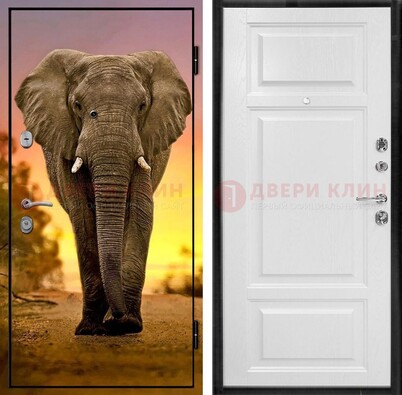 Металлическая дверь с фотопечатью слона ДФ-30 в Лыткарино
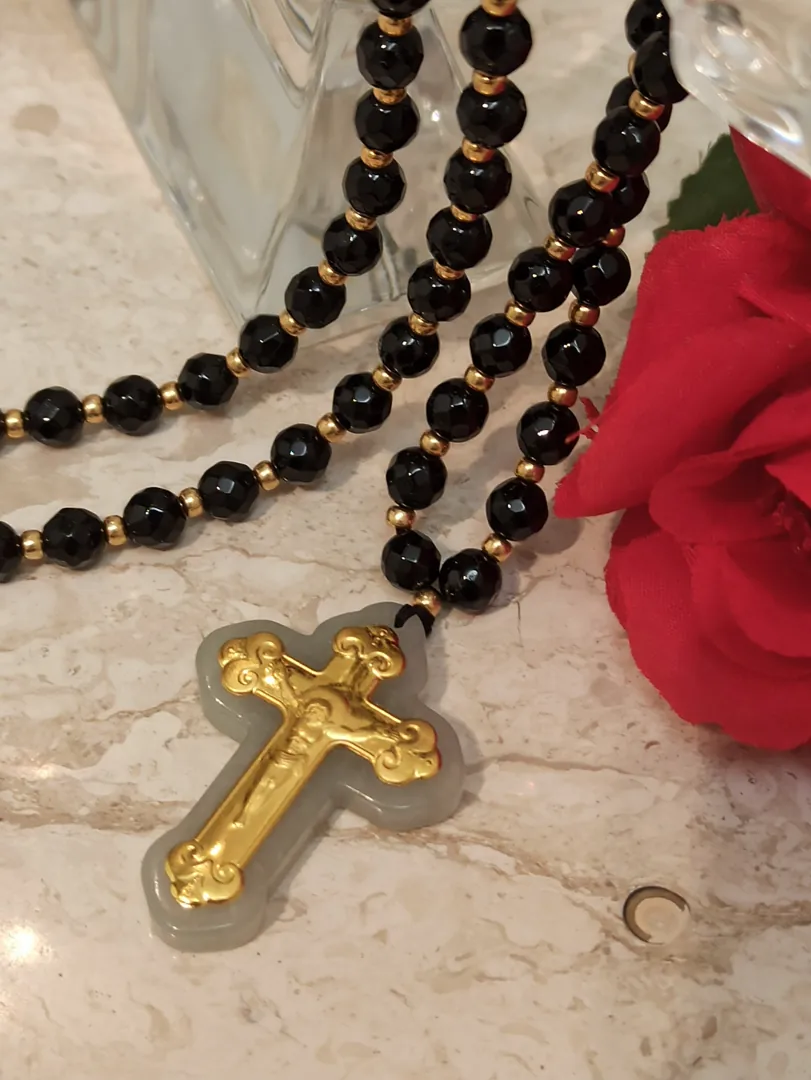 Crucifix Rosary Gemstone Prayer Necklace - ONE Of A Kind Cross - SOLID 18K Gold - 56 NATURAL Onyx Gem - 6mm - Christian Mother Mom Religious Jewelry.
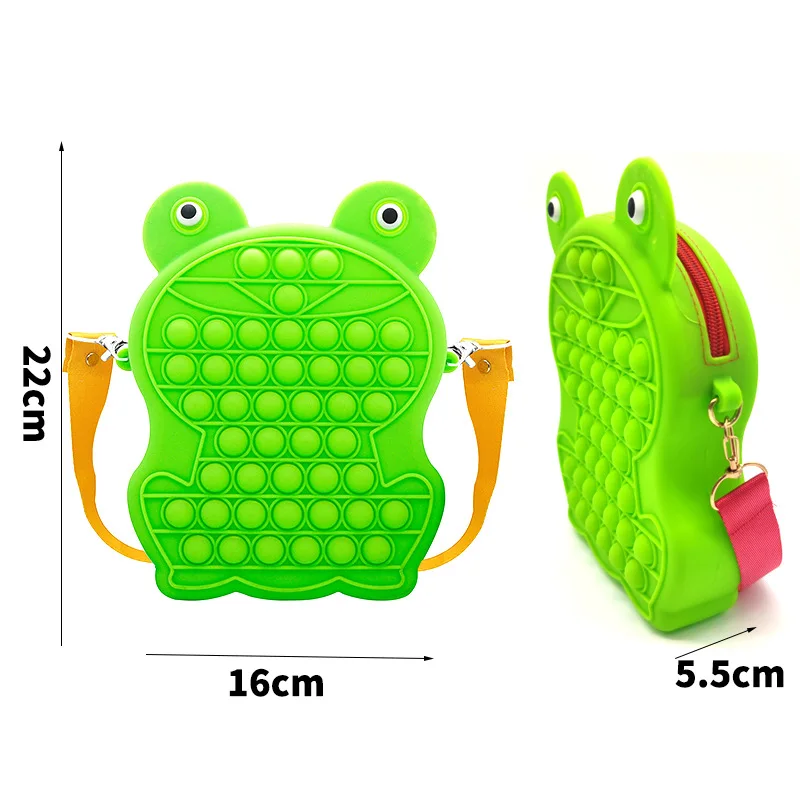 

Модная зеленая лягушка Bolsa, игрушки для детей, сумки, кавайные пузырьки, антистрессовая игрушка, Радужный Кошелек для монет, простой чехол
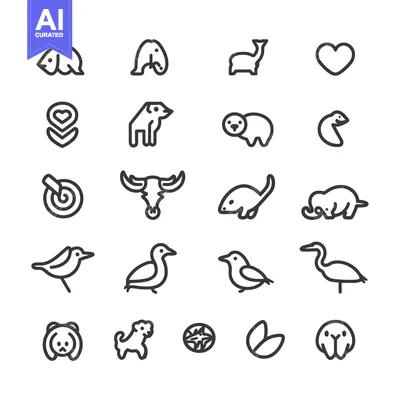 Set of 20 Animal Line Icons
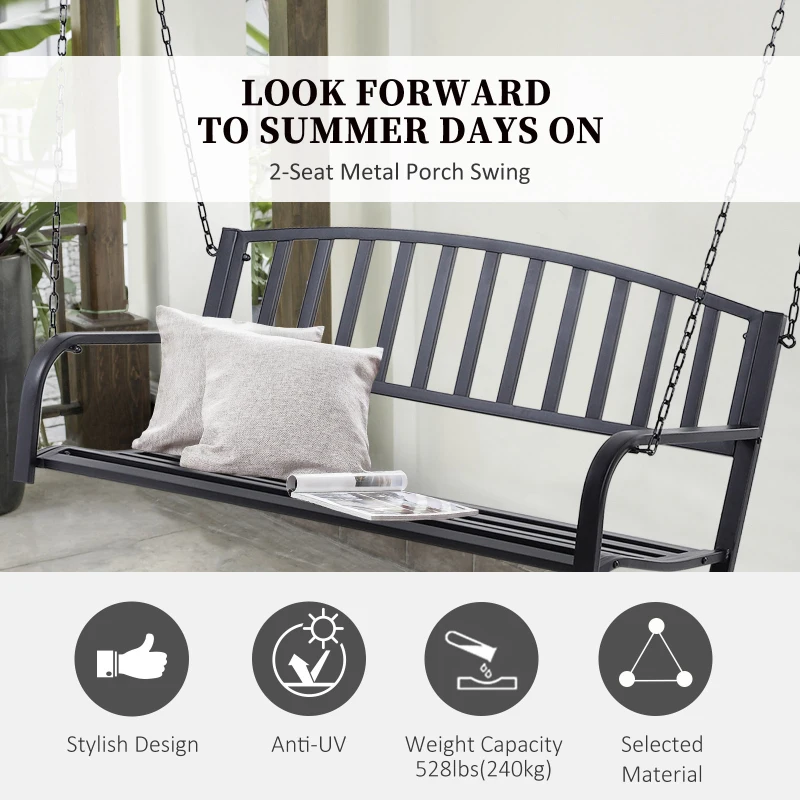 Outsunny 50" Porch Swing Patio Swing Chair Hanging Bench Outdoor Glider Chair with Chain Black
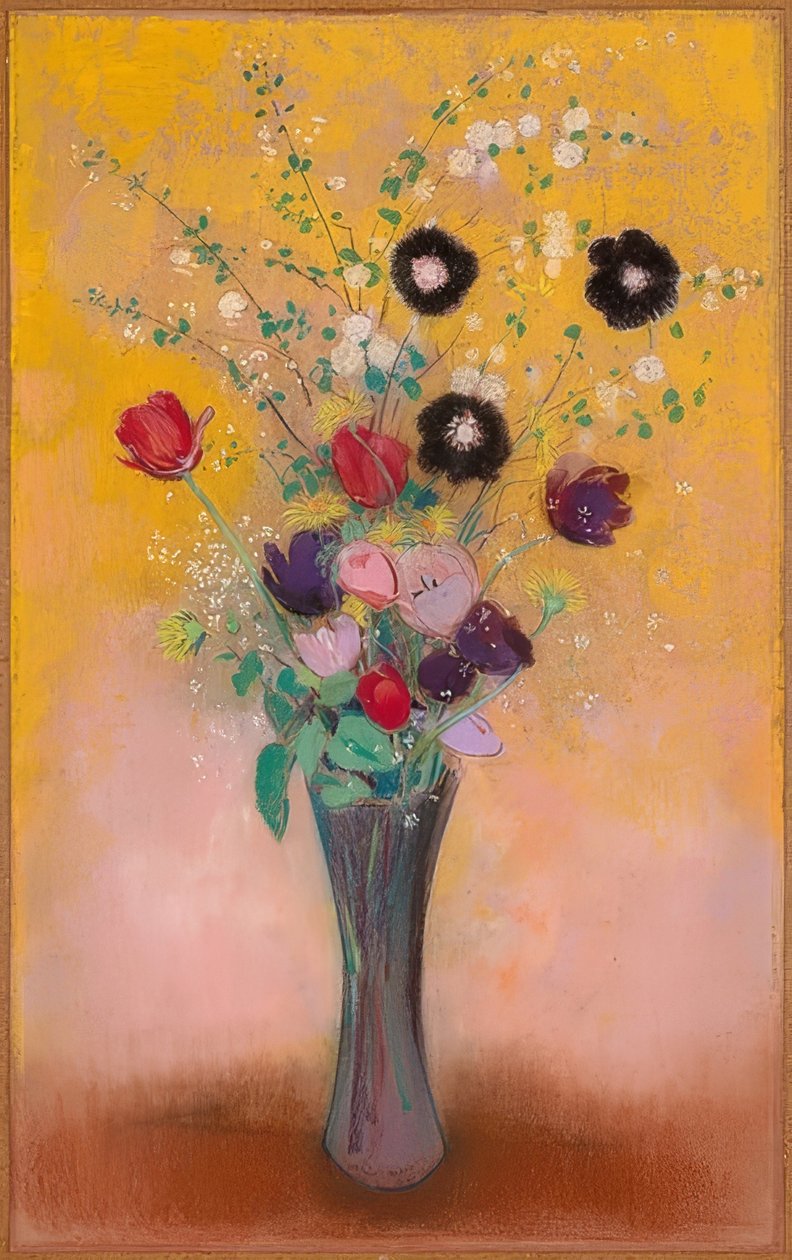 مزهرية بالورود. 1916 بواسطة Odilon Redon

_ _ _

Word for word, retype the material above without its pictures.

§ Task output
 Металлическая дверь с фотопечатью слона ДФ-30 в Лыткарино
 Crucifix Rosary Gemstone Prayer Necklace - ONE Of A Kind Cross - SOLID 18K Gold - 56 NATURAL Onyx Gem - 6mm - Christian Mother Mom Religious Jewelry.

Модная зеленая лягушка Bolsa, игрушки для детей, сумки, кавайные пузырьки, антистрессовая игрушка, Радужный Кошелек для монет, простой чехол
 Set of 20 Animal Line Icons
 Outsunny 50" Porch Swing Patio Swing Chair Hanging Bench Outdoor Glider Chair with Chain Black
 مزهرية بالورود. 1916 بواسطة Odilon Redon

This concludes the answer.